トランジスタのエミッタ電流値は、5.65Vとエミッタ抵抗によって決定されます。加えてツェナダイオードを定電圧動作させるには1mA〜数mAの電流を流す必要がありますから、エミッタ電流は目標値の37〜38mAよりも若干少なめが適切です。エミッタ側に160Ωを入れた場合のエミッタ電流は、5.65V÷160Ω=35.31mAですのでこれで話を先に進めます。

トランジスタのコレクタ〜エミッタ間にかかる電圧は、21V−5.65V=15.35Vです。コレクタ損失をざっと計算すると、15.35V×35.31mA=542mWとなりました。TO-220タイプのパワートランジスタならば放熱器なしで対応可能です。ちなみにTO-220タイプのパワートランジスタの放熱器なしで常温時のコレクタ損失の上限は1.5W〜2Wです。

トランジスタの候補としては、手元にある2SD2531や2SD2012としました。ちなみにこの2つのトランジスタのhFEは120〜350くらいでばらつきますが、ここではhFE=200として計算します。本回路はhFE値がばらついても結果にはあまり影響がありません。hFE=200だとするとベース電流は、35.31mA÷(200+1)=0.18mAです。
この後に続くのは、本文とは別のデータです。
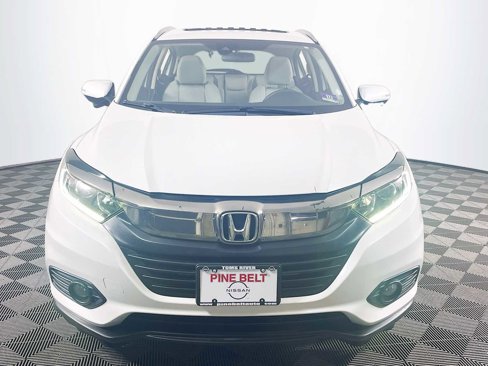 Used 2019 Honda HR-V EX image 2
総電流の目標値を37.5mAとすると、エミッタ電流が35.31mAですからツェナダイオード側にまわす電流は、37.5mA−35.31mA=2.19mAです。抵抗器によって供給する電流はベース電流を加えた、2.19mA+0.18mA=2.37mAとなります。抵抗器にかかる電圧は21V−6.2V=14.8Vですから、ここに入れるべき抵抗値は14.8V÷2.37mA=6.24kΩです。6.2kΩを入れたとして再計算した結果が右図の値です。

<回路動作の説明・・・基本バージョン>

この回路を実際に組んでみて測定した結果は右図のとおりです。ほとんど計算通りとなりました。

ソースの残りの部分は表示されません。